According to the Korea Exchange, pension funds including the National Pension Service up to Dec 27 net sold 24 trillion won ($20 billion) worth of shares on the main Kospi bourse, of which nearly half, or 10.9 trillion won went to Samsung Electronics.
Government Pension Investment Fund (GPIF) is asking law firms to bid on a mandate to provide legal advisory services for its alternative investments. GPIF will choose one firm for a three-year term from April 2022 to March 2025, it says in a request for proposal on Dec 21.
Applicants must have at least 10 years of experience providing investment legal services in Japan or abroad. Applications are open until Jan 28.
MORE INVESTMENT NEWS:
Future Super has acquired Aon Solutions, the investment consulting and administration arm of consultancy Aon.
Future Super said the acquisition puts it on track to reach $10 billion in funds under administration, management, and advice in 2022 and $30 billion by 2030. The acquisition is due to complete in February 2022.
Close to 50 employees will transfer to Future Super as part of the transaction, doubling the size of the fund's team.
Source: Financial Standard
Crisis-hit Chinese real estate giant Evergrande has suspended trade in its shares in Hong Kong as investors await news on its restructuring plan.
The statement to the stock exchange did not give a reason for the trading halt.
Evergrande has more than $300 billion (£222 billion) of debt and is scrambling to raise cash by selling assets and shares to repay suppliers and creditors. Last week, the company dialled back plans to repay investors in its wealth management products.
Hong Kong Exchanges and Clearing (HKEX) announced jointly with the Shenzhen and Shanghai stock exchanges that they have reached an agreement to include eligible ETFs in the stock connect scheme.
“The inclusion of ETFs will provide investors with more options by broadening the existing connect product ecosystem as well as support the continued development of both markets,” said the HKEX in a statement.

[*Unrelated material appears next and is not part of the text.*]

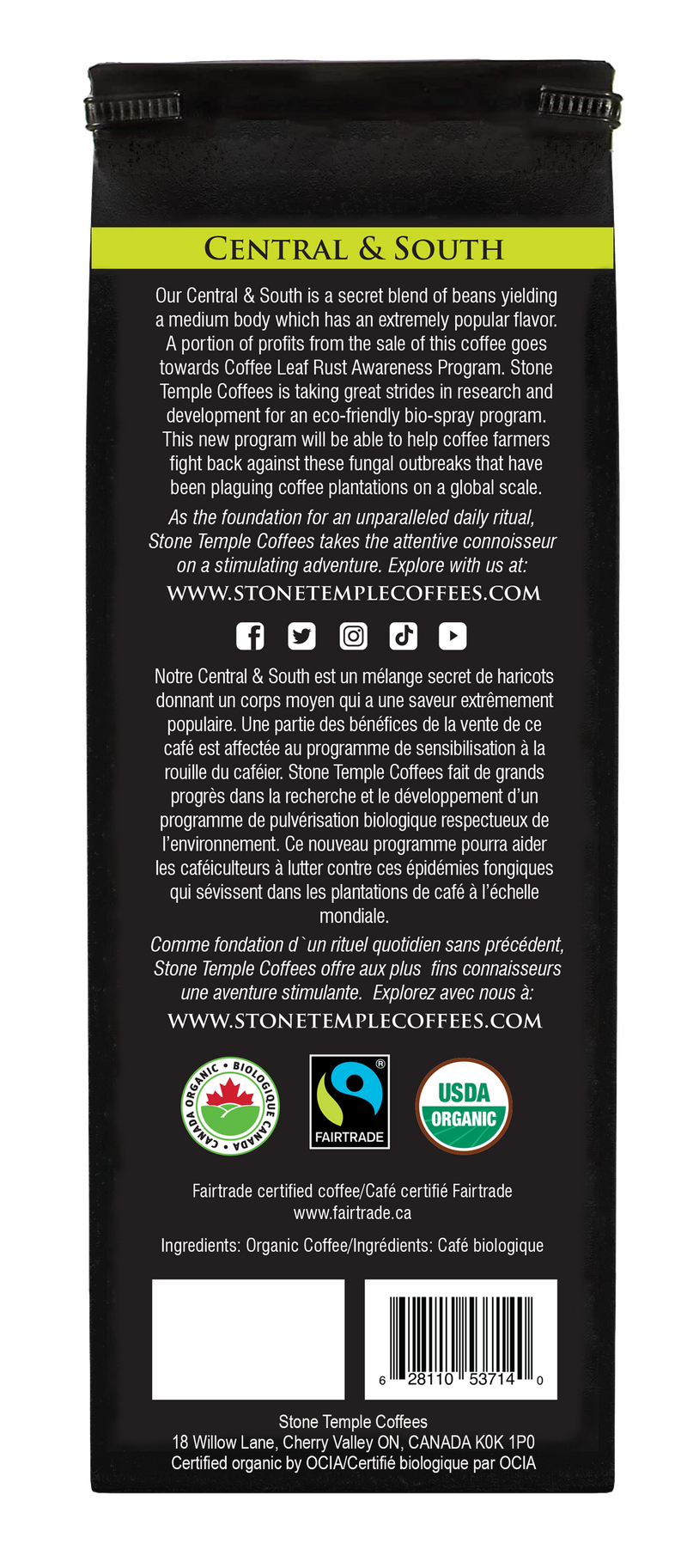 Central & South - Ground, Medium Roast, Certified Organic OCIA/ Fairtrade Coffee 1lb/454g-3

The agreement reflects the commitment by HKEX and its mainland partners to continue expanding and enhancing the mutual market access programme between the capital markets of mainland China and Hong Kong, the statement adds.
Separately, the Shenzhen Stock Exchange and the Singapore Exchange have signed a memorandum of understanding (MOU) to establish an ETF product link for eligible fund managers to offer ETFs to investors in each other’s markets.
Source: Funds Selector Asia; HKEX
Allianz Real Estate and Ivanhoé Cambridge have established a $2 billion investment platform to invest in multi-family residential assets across top-tier cities in Japan.
The platform, Allianz Real Estate Asia-Pacific Japan Multi-Family Fund I, is a Singapore-domiciled, closed-end fund. Allianz Real Estate will serve as the Investment Manager and General Partner of the platform.
The strategy is to acquire primarily newly completed, well-located assets in Japan’s four major cities, Tokyo, Osaka, Nagoya, and Fukuoka, and lease up and stabilise the assets for the long term.
Source: Allianz Real Estate
European asset manager Tikehau Capital, alongside Financiere Agache, the family office of LVMH chair Bernard Arnault, has received approval from the Singapore exchange (SGX) to list its special purpose acquisition company (Spac).
The black check firm will be called Pegasus Asia and marks the city-state’s second approved company after Temasek’s Vertex Venture Holdings.
Tikehau had previously raised EU210 million ($238 million) for a Spac named Pegasus Entrepreneurs in Europe.